Newspaper based in Blantyre, Malawi

The Nation is a newspaper based in Blantyre, Malawi, owned by Nation Publications Limited. It began distribution on 26 July 1993, and became a daily newspaper on 11 July 1994, coming out on Mondays through Fridays. Its sister newspaper, Saturday Nation, now called Weekend Nation, was launched in 1995.

==The Nation Newspaper==
The Nation began distribution in July 1993 and became a daily newspaper in 1994. It became an important voice against the one party rule and the MCP party during the transition to multi-party rule.

==The Weekend Nation==
The Weekend Nation is a weekly newspaper based in Blantyre, Malawi, owned by Nation Publications Limited (NPL). The weekly version is The Nation. It was originally called Saturday Nation and was launched in 1995.

===Cochrane-Dyet 2011 cable controversy===

In April 2011, the Weekend Nation published an article quoting a leaked diplomatic telegram from British High Commissioner Fergus Cochrane-Dyet in which he wrote that Malawian President Bingu wa Mutharika was "becoming ever more autocratic and intolerant of criticism". On 27 April 2011, Malawi's government declared Cochrane-Dyet persona non grata and expelled him from the country. The UK responded by expelling Malawi's acting high commissioner, Flossie Chidyaonga. British aid to Malawi was also cut off.

In October 2011, Mutharika apologized for the expulsion of Cochrane-Dyet and lifted his ban from Malawi. By November 2011, Cochrane-Dyet had not been sent back to Malawi, and the British government had not decided whether or not to re-establish normal relations with Malawi. Relations between the two countries did not normalize until there was a change of leadership in Lilongwe, in April 2012.

==The Nation and Weekend Nation Online==
The online version of the Daily and Weekend Nation began in 1998.

==Fuko==

The Nation launched its Chewa language and Tumbuka language development paper online, which it distributes for free in rural areas. The paper partners with the United Nations Population Fund, Total Land Care, Malawi Rural Finance Company, and Pride Malawi.

==Nations Publications Limited==
The Nation and Weekend Nation are publications of Nations Publication Limited (NPL), which is located in Blantyre. NPL's parent company was founded by Aleke Banda after the 1993 referendum in Malawi. It started with eight employees. This included Ken Lipenga, who served as the editor-in-chief until 1995. Its initial assets consisted of one car, two computers, and two telephones. It currently has offices in Blantyre, Lilongwe, Mzuzu, and Zomba.
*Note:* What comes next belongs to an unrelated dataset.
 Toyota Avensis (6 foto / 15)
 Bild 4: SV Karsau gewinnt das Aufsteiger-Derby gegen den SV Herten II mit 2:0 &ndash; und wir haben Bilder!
Banda became the country's former agriculture minister and former vice president of the United Democratic Front (Malawi). In 2010, Mbumba Banda, Aleke Banda's daughter, became the managing director after the death of her father.

==Notable contributors==
- Mabvuto Banda, journalist
- Rex Chikoko, investigative journalist
- Edyth Kambalame, Deputy editor
- Desmond Dudwa Phiri, columnist, economist, sociologist, writer.